I tested multiple DHCP pool for a subnet (LAN) and I noticed that the fixed lease were not anymore handle properly. Only the last one inserted was show in the fixed lease table in the bottom of services_dhcp.php.

Every new insertion made the previous record to be delete.

jimp · May 15, 2013, 9:08 PM

@bluenote:

I tested multiple DHCP pool for a subnet (LAN) and I noticed that the fixed lease were not anymore handle properly. Only the last one inserted was show in the fixed lease table in the bottom of services_dhcp.php.

Every new insertion made the previous record to be delete.

On 2.1 or with a 2.0.x patch? (I would expect issues with the 2.0.x patch, it wasn't meant to be used, use 2.1 instead)

jimp · May 16, 2013, 7:44 PM

@jimp:

@bluenote:

I tested multiple DHCP pool for a subnet (LAN) and I noticed that the fixed lease were not anymore handle properly.
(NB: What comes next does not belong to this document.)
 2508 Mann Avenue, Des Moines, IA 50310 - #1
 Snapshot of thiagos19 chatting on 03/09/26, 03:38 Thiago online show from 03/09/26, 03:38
Only the last one inserted was show in the fixed lease table in the bottom of services_dhcp.php.

Every new insertion made the previous record to be delete.

On 2.1 or with a 2.0.x patch? (I would expect issues with the 2.0.x patch, it wasn't meant to be used, use 2.1 instead)

Seems to be fixed by this:
https://github.com/pfsense/pfsense/commit/37c922a6faff0e55db04fb66e43b76180e1c1449

WetWilly · Jun 4, 2013, 1:40 PM

Is "Multiple DHCP pools outside of subnet"

Anywhere on the roadmap?

Or is there any smooth way to a DHCP-range outside of LAN interface subnet?

jimp · Jun 4, 2013, 2:04 PM

@WetWilly:

Is "Multiple DHCP pools outside of subnet"

Anywhere on the roadmap?

Or is there any smooth way to a DHCP-range outside of LAN interface subnet?

It's closer to being possible, but not going to happen any time soon (maybe 2.2, if someone has the time or funding for it).

There is no way to do DHCP for another subnet on an interface currently. That's a question for another thread, though.